La ricerca dei tunnel è un lavoro lungo. Gli israeliani procedono in questo modo: dopo aver conquistato un’area fanno un primo controllo generale, successivamente delle squadre specializzate perlustrano palmo a palmo il basamento di tutte le strutture edili presenti e quando trovano un tunnel chiamano squadre di artificieri che ne fanno esplodere l’ingresso. Con questa metodica, che necessita di tempi prolungati, ed avendo davanti ancora la maggior parte della città da conquistare, è ragionevole immaginare che l’operazione per ripulire Gaza dai tunnel prenderà mesi, e non settimane.

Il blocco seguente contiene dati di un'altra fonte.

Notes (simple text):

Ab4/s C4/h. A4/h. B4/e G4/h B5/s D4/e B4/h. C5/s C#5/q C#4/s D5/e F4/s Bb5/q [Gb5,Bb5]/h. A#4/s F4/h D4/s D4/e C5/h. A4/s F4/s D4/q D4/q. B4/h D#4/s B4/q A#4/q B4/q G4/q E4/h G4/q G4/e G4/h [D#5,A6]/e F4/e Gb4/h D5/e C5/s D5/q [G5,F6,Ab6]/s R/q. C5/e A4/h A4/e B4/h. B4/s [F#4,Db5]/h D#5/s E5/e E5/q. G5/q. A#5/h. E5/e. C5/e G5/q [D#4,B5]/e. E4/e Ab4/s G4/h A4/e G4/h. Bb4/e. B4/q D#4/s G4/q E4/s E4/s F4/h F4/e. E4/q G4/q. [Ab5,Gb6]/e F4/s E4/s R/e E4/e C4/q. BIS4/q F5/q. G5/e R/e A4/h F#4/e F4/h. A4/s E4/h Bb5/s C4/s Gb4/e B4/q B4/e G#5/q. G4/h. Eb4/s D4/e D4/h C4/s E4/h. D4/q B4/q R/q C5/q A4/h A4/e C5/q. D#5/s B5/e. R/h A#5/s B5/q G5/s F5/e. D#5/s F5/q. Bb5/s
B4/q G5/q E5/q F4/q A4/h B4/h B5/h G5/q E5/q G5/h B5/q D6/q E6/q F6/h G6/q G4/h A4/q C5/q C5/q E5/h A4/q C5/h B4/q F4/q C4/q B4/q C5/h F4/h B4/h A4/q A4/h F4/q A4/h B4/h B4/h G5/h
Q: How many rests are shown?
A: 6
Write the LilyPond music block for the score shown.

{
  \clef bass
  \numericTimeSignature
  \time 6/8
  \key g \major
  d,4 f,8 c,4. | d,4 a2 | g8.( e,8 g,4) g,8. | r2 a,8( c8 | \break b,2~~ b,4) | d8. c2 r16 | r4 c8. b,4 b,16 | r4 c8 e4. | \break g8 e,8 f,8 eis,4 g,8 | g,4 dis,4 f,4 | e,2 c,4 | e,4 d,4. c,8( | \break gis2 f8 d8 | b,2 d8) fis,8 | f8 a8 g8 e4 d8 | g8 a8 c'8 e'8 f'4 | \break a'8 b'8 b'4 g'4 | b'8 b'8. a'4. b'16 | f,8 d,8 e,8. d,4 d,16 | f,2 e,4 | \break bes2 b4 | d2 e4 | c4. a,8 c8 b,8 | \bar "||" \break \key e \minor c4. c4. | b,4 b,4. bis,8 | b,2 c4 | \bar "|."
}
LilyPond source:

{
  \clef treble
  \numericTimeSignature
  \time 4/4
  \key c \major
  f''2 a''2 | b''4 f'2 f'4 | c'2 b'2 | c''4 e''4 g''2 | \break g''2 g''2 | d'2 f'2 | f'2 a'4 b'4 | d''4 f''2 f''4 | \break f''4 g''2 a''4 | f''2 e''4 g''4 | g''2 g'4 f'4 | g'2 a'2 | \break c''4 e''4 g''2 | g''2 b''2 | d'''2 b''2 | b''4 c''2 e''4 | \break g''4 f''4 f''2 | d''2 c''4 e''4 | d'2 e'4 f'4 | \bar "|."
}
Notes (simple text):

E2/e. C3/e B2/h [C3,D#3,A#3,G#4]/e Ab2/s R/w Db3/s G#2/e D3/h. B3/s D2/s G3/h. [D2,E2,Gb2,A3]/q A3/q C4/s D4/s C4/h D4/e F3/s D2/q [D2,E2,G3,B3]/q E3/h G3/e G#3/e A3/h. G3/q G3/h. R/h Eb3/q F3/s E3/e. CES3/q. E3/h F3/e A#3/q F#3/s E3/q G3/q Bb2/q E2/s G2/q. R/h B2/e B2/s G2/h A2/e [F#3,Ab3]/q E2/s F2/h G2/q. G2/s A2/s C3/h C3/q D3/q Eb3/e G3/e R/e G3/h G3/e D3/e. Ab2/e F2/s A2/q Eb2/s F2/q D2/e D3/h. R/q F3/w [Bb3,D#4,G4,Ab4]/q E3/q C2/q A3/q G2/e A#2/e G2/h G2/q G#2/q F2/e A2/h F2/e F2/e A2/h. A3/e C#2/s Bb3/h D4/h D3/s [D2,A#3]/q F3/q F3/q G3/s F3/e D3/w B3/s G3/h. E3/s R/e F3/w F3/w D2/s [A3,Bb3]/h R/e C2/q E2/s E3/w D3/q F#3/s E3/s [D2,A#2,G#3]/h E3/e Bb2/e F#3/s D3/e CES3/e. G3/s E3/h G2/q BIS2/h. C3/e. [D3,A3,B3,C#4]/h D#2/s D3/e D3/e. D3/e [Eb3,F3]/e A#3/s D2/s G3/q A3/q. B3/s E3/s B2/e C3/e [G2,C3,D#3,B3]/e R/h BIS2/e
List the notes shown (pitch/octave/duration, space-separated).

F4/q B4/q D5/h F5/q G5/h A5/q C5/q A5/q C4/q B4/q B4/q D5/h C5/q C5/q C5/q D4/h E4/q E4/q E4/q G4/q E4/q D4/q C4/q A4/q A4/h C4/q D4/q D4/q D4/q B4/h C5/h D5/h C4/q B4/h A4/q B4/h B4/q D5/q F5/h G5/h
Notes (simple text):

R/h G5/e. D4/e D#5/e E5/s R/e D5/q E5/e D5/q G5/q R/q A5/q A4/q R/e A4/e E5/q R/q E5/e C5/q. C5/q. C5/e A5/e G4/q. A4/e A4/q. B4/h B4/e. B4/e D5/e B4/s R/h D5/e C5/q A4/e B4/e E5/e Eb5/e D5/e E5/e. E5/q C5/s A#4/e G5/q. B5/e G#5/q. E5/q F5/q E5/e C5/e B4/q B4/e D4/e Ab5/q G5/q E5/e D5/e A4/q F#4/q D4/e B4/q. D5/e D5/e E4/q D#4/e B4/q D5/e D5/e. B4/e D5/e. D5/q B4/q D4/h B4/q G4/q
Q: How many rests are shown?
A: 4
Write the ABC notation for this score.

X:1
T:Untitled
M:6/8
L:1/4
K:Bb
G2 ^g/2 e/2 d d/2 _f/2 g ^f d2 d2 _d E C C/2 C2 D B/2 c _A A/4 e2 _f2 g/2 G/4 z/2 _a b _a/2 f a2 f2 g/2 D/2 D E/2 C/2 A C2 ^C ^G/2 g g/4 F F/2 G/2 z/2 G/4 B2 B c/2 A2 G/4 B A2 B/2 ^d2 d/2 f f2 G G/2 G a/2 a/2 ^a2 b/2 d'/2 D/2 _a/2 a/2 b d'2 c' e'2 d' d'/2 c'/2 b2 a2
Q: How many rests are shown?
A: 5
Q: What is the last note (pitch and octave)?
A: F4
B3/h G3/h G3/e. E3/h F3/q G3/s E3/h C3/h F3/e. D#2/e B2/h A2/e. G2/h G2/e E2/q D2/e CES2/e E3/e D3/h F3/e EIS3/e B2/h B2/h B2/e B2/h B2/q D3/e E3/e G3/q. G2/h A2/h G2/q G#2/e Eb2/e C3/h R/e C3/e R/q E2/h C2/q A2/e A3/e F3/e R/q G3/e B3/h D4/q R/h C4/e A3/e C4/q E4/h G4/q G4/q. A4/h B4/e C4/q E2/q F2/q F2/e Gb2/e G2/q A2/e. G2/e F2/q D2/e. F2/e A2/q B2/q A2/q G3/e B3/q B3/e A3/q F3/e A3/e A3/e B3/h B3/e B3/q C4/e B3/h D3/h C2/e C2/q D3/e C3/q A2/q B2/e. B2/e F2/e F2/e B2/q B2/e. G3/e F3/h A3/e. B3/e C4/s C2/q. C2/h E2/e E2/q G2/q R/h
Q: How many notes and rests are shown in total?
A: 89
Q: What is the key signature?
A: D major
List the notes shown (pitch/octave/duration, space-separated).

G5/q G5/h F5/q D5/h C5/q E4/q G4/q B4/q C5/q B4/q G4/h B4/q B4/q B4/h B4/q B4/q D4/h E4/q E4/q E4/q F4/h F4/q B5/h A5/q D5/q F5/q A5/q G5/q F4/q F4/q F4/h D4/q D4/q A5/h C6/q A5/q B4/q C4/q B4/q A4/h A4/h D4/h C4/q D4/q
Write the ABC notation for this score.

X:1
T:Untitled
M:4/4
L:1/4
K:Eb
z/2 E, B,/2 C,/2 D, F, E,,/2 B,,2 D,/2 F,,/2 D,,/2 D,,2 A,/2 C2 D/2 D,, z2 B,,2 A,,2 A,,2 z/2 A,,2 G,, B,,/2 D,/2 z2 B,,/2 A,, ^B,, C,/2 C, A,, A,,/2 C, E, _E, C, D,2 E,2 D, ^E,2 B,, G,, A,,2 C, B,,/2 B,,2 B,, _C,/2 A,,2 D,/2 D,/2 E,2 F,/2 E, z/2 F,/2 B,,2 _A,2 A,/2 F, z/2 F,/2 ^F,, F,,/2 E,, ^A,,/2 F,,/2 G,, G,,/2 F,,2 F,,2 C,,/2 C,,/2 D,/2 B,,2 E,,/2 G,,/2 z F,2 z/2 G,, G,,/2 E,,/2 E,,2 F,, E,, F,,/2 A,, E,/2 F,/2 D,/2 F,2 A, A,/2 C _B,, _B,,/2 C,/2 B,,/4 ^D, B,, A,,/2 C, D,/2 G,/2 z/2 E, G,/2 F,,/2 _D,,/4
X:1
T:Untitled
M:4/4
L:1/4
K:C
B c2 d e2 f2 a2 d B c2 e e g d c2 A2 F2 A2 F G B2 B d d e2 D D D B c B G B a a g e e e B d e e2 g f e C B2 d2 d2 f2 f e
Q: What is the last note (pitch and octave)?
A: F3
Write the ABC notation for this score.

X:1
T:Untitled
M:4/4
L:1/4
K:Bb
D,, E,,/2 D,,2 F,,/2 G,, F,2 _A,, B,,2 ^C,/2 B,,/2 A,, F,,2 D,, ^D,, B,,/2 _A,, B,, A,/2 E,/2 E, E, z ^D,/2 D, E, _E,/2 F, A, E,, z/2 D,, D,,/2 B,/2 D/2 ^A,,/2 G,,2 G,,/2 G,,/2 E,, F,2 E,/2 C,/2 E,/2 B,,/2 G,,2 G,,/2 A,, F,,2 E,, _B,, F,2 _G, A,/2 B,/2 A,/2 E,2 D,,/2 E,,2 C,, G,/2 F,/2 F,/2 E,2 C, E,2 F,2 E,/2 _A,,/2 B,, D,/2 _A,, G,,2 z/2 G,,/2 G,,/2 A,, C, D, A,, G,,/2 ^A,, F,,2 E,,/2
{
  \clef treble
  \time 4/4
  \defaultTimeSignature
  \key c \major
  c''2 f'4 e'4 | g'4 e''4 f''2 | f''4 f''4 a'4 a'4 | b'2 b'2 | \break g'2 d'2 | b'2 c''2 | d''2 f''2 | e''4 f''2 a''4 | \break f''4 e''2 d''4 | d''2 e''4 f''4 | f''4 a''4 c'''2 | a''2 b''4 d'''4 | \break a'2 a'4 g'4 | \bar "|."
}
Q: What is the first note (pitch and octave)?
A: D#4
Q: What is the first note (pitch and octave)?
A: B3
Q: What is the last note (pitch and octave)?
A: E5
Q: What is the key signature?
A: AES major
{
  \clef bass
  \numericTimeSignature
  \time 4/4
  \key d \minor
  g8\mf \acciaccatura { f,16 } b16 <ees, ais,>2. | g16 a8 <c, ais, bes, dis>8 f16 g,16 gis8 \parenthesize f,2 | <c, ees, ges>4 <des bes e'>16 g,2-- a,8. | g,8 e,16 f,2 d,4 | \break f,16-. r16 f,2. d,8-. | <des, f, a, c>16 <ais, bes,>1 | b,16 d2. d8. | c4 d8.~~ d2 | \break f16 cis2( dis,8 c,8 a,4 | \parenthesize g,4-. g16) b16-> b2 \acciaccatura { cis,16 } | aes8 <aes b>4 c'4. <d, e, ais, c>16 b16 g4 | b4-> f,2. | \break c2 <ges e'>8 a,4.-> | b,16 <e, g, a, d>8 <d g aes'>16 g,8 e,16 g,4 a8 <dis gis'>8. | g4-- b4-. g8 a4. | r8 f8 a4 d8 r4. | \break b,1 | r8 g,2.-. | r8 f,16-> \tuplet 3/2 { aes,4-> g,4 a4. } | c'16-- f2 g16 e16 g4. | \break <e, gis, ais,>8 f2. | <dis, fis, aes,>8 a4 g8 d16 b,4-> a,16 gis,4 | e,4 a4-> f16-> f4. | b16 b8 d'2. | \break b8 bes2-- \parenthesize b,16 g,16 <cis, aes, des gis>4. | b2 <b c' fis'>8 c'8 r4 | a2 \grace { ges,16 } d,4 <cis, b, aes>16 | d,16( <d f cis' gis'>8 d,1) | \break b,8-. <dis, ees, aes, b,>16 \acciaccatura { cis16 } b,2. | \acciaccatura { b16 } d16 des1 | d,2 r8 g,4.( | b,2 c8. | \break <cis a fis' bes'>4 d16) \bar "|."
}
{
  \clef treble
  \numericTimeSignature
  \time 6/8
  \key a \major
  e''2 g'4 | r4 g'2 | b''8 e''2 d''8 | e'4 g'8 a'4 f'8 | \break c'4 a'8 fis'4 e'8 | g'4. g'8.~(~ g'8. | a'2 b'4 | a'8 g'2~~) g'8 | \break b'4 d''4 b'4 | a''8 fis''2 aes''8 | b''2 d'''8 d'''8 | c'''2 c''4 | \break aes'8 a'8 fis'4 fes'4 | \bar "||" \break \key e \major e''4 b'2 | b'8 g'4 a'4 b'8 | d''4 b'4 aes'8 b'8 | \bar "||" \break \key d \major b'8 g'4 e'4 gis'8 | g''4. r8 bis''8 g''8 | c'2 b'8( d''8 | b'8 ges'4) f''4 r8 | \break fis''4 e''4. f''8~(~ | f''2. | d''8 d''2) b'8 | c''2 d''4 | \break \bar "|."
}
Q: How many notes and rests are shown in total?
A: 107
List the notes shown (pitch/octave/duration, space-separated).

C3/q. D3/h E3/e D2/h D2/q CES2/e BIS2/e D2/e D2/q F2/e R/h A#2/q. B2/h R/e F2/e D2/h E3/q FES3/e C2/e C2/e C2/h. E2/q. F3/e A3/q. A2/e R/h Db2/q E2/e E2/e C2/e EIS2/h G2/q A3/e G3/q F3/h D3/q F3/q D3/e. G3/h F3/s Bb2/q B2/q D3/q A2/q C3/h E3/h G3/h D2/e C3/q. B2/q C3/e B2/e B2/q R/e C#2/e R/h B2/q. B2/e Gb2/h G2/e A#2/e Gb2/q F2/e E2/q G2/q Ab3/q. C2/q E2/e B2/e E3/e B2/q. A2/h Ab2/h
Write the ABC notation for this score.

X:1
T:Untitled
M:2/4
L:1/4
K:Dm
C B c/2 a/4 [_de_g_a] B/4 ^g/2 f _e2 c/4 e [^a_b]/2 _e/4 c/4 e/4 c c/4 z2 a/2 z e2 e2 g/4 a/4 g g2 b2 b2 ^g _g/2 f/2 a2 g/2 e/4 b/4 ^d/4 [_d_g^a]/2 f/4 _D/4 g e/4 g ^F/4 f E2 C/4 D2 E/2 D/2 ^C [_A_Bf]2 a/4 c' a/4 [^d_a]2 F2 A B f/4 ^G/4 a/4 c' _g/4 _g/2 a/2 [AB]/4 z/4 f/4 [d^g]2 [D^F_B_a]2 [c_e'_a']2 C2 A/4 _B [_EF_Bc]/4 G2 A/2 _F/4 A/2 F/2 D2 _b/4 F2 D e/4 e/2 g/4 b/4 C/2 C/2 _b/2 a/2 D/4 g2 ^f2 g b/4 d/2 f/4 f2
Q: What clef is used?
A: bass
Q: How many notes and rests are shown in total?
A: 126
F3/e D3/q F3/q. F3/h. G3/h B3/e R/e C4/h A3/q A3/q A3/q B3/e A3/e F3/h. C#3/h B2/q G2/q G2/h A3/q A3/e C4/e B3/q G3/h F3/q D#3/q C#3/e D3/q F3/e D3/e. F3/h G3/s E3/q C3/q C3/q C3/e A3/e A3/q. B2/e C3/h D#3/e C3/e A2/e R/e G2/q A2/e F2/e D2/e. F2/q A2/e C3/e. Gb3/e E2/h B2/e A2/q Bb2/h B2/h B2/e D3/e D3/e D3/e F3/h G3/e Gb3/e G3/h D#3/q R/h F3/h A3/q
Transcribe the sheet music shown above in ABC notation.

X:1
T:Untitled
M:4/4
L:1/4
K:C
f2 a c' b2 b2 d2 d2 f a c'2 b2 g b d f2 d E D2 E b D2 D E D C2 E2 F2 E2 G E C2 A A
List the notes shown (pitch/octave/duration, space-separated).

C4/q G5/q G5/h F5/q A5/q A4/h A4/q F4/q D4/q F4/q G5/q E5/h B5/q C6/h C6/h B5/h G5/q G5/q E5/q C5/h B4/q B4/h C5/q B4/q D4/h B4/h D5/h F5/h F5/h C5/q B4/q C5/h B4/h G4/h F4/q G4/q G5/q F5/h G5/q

Dopo il movimento di Tsahal (denominazione comune dell’Esercito di Israele) che ha portato a sigillare Gaza-città sul lato del mare, le truppe muovono ora dalla fascia litoranea verso il centro cittadino. L’avanzamento più attivo è ora nell’area sud della zona sigillata; dopo aver preso l’ospedale di Shifa, Tsahal avanza ora in direzione del quartiere Shejaiya. Ieri sera si combatteva di fronte all’Università Israa ed allo Stadio Yarmouk. A detta di molti analisti militari sino ad ora Hamas ha offerto poca resistenza, ma non è detto che sarà così anche in futuro. A meno che tutta Hamas non riesca ad esfiltrare verso il sud della Striscia di Gaza (certamente alcuni militanti lo stanno già facendo, mescolandosi ai profughi che si dirigono verso Khan Younis attraverso i corridoi protetti) i suoi miliziani prima o poi finiranno intrappolati tra l’avanzata di Tsahal dal litorale verso l’interno e la barriera di protezione che separa la Striscia da Israele. A quel punto non avranno alternative se non quella di combattere. Inoltre l’avanzata che si profila porterà nuove sfide alla truppe di Israele, più i blindati si avventurano in un centro urbano, più aumenta il pericolo potenziale che siano colpiti da imboscate, dovendosi muovere in spazi ristretti che offrono molti ostacoli e poche aree di manovra.
Per quanto riguarda il fronte con il Libano, sono molte le congetture che vengono fatte sulla guerra a bassa intensità che Hebzollah sta portando avanti e sugli sviluppi che l’atteggiamento del “Partito di Dio” filo-iraniano potrà avere nel prosieguo del conflitto. Conviene però guardare la questione del fronte nord anche dal punto di vista israeliano. Israele ha in questo momento 60.000 sfollati dalle aree limitrofe al confine libanese ed un’intera zona del proprio territorio in cui tutte le attività – economiche, commerciali, di istruzione etc.. – sono congelate. Non potrà accettare che questa situazione possa perdurare ancora per molto tempo. Notazione sulle aree cittadine citate: ovunque si legge che “con il tempo i campi profughi sono diventati dei quartieri”, ed è vero; osservando le foto satellitari si può notare che le case sono in muratura, le strade sono asfaltate, vi sono collocati supermarket, negozi, campi sportivi, piazze, parchi, università, centri culturali e quant’altro. Se dunque i vecchi campi profughi sono diventati dei quartieri chi scrive ha deciso di chiamarli “quartieri” e non “campi profughi”.